I think we can all agree that a black-and-white image can mask certain mistakes, or be edited to look stylized rather than poorly exposed. Noise becomes grain. Crushed black tones become inky shadows that the viewer can fall into. My highlights aren’t blown, it’s a “lithographic” look!
With all that being said, there is one piece of advice I would share when it comes to exposure. The Leica M11 Monochrom has incredible amounts of dynamic range if you endeavor to protect your brightest highlights. If you intend to edit your RAW photos, some underexposure will be called for in most situations. The M11 monochrom has plenty of room to heavily boost shadows so don’t be concerned with slightly darker images, but highlights will clip sooner than you might expect. Follow this rule and you will truly appreciate how malleable your M11 Monochrom files are.
So is the Leica M11 Monochrom Worth It?
The Leica M11 Monochrom is a big ask. It certainly delivers the goods when it comes to outstanding black-and-white imagery, and these improvements should be taken seriously. However, at roughly $9,200 it’s a lot to pay for a niche product from a company that specializes in making niche products.
Beyond the question of affordability, you have to ask yourself some other important questions. Are you absolutely captivated by a love for black-and-white images? Anything less than full-on obsession, and you should probably look elsewhere. Is there appeal in shooting a rangefinder-style camera? I discounted rangefinders for many years as being clunky and limited.

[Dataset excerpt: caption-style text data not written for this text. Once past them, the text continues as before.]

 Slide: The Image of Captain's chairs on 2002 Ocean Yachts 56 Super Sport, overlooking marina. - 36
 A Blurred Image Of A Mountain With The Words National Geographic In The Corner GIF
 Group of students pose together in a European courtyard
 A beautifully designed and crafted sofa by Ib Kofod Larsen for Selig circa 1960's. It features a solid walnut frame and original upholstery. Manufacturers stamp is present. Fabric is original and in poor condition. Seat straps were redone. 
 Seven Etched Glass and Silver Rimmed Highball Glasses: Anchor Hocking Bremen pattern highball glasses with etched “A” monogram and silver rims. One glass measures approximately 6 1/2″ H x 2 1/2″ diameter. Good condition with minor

It took many years to find an appreciation for using them, but now I get it. Shooting a rangefinder is as much about the experience of using them as it is about the images. If this sounds appealing to you, then keep reading.

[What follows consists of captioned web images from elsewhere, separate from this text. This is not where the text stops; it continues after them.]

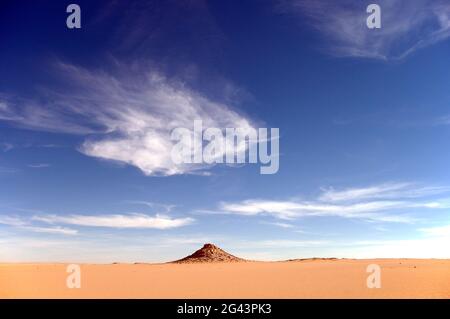 Ein Felsvorsprung aus Sandstein unter weißen Wolken tief in der Westlichen Wüstensahara, in der Nähe des Gilf Kebir, im Südwesten Ägyptens. Stockfoto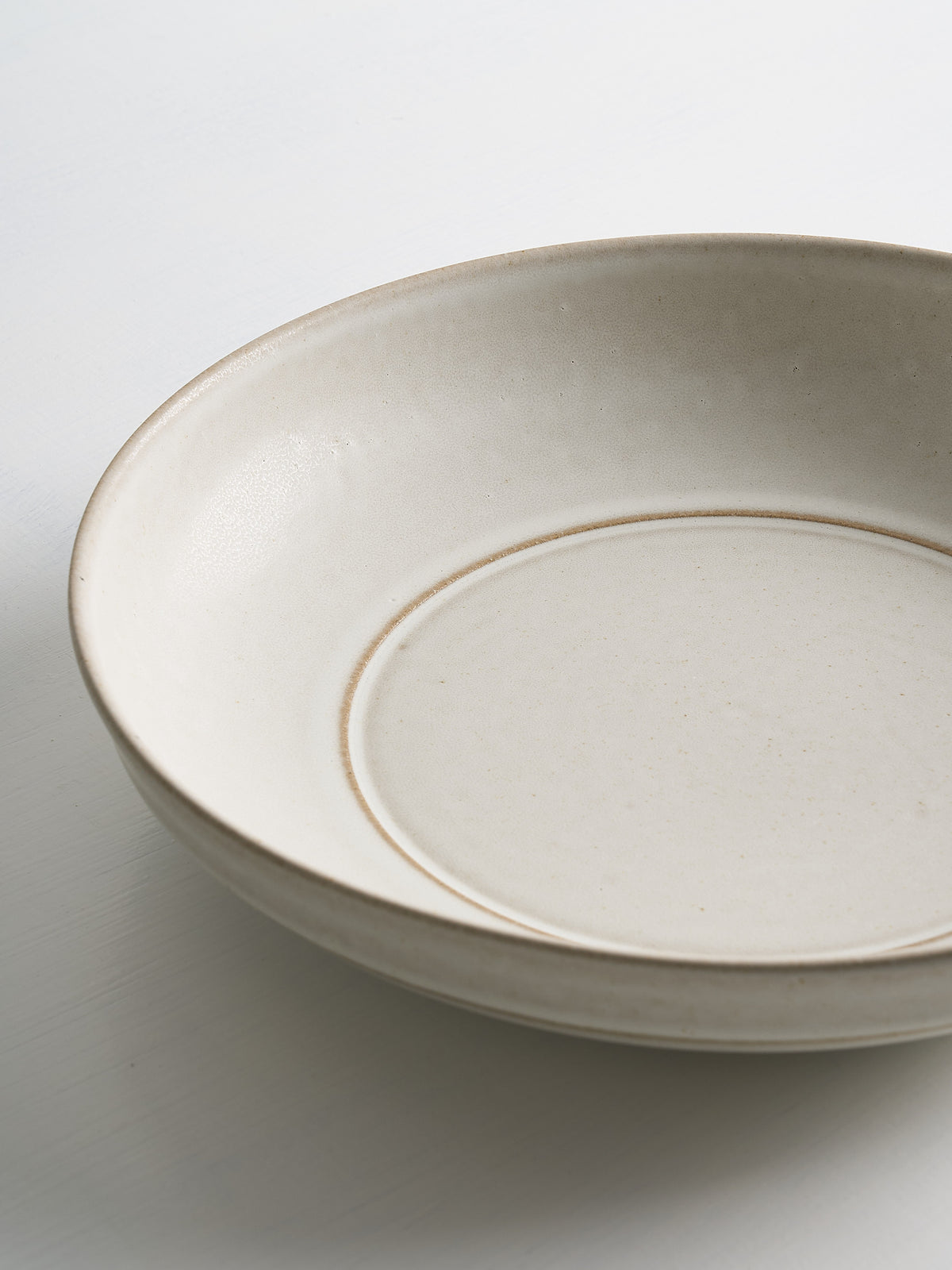White ceramic low serving bowl on a white background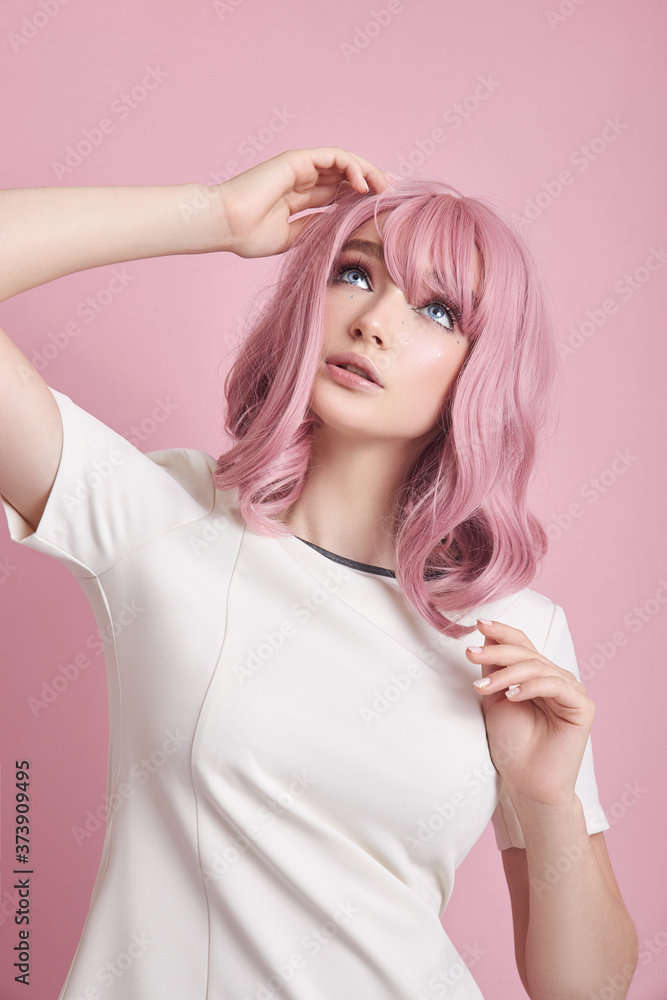 Cute girl with long pink hair, hair coloring. Beautiful woman on a pink background in a white dress. Colored hair, perfect hairstyle, beauty and care Cute girl with long pink hair, hair coloring. Beautiful woman on a pink background in a white dress. Colored hair, perfect hairstyle, beauty and care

Finally, there is a profound joy in taking a beautiful image with a simple camera. I can only explain the experience as having as little as possible between you the photographer, and the image itself. The M11 Monochrom is also simply fun to shoot, and rewarding to use. If this kind of experience sounds — almost — priceless to you, the Monochrom might be your new best friend.
Are There Alternatives?
The newly announced Pentax K-3 III Monochrome should provide similar image quality benefits, albeit in an APS-C sensor format. Shooting SLR cameras is a rewarding experience in its own right, and beautiful images and rugged handling will be guaranteed. This camera should prove to be fun to use and could scratch the black-and-white only itch for far less money.
The Fujifilm X100V with its optical viewfinder, can provide a similar experience as a compact and sexy companion camera. With a single fixed lens, it forces the photographer to think outside the box to get the right shots, in much the same way that a Leica does. Although not specifically a black-and-white camera, Fujifilm does provide some gorgeous monochromatic profiles, and can mimic a similar fun factor. The problem is, the camera has become so popular recently thanks to TikTok trends that it might be hard to find one.
The original Leica M11 will give you the same shooting experience without having to accept the loss of color photos. The versatility of shooting color images compared to the Monochrom will make it the more popular choice, and many photographers will prefer the enhanced black-and-white editing tools in post-processing software.
Should You Buy It?
Maybe. If the budget allows, and the black-and-white obsession is present, you’d be hard-pressed to find a more fun and rewarding experience.